<<<<

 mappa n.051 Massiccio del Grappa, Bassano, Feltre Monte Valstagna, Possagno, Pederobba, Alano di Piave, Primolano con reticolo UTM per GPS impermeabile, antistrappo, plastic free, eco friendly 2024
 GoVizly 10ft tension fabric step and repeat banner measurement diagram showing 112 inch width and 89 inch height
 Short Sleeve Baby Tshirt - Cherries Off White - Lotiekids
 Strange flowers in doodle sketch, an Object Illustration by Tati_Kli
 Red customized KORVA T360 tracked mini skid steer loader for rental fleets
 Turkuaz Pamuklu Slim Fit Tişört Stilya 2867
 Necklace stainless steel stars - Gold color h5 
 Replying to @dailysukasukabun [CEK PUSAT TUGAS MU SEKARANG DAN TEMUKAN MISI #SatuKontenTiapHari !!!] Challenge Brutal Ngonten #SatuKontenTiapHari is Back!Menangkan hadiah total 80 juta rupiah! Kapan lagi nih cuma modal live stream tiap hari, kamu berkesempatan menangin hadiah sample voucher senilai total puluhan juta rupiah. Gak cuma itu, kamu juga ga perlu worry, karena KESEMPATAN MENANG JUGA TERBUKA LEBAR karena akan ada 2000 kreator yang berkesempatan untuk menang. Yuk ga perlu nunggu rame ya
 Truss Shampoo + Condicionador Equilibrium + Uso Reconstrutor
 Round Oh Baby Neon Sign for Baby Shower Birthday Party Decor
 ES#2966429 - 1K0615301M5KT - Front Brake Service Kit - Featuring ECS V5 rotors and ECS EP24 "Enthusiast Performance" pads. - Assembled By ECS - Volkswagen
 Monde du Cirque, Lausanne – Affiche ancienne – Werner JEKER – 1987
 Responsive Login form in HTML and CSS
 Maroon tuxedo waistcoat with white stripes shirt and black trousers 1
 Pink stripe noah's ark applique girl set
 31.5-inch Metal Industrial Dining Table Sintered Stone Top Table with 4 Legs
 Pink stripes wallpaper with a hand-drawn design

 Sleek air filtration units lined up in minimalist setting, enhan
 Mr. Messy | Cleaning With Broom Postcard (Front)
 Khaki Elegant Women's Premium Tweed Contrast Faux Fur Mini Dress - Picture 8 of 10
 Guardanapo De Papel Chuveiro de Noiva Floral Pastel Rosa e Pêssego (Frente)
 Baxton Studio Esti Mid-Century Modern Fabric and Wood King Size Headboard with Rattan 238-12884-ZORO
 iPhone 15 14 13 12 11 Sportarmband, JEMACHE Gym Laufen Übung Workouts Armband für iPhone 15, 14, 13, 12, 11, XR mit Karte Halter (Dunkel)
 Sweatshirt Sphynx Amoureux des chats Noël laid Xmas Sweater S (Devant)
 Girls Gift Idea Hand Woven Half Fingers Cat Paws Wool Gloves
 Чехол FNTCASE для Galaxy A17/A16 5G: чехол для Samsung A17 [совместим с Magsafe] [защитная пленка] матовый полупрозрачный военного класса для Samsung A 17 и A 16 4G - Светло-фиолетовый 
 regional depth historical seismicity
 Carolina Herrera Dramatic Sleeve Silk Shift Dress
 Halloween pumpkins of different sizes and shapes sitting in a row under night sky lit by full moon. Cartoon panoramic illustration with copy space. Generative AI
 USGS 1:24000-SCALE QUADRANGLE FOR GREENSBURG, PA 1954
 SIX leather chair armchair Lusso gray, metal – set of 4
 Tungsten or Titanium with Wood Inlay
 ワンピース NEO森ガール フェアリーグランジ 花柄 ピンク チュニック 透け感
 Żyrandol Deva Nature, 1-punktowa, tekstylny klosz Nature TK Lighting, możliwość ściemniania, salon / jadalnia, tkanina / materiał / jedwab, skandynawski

>>>>

> **Work instructions**: Search the data above for "inch" and copy every line where it turns up.

> **Response below**:
 GoVizly 10ft tension fabric step and repeat banner measurement diagram showing 112 inch width and 89 inch height
 31.5-inch Metal Industrial Dining Table Sintered Stone Top Table with 4 Legs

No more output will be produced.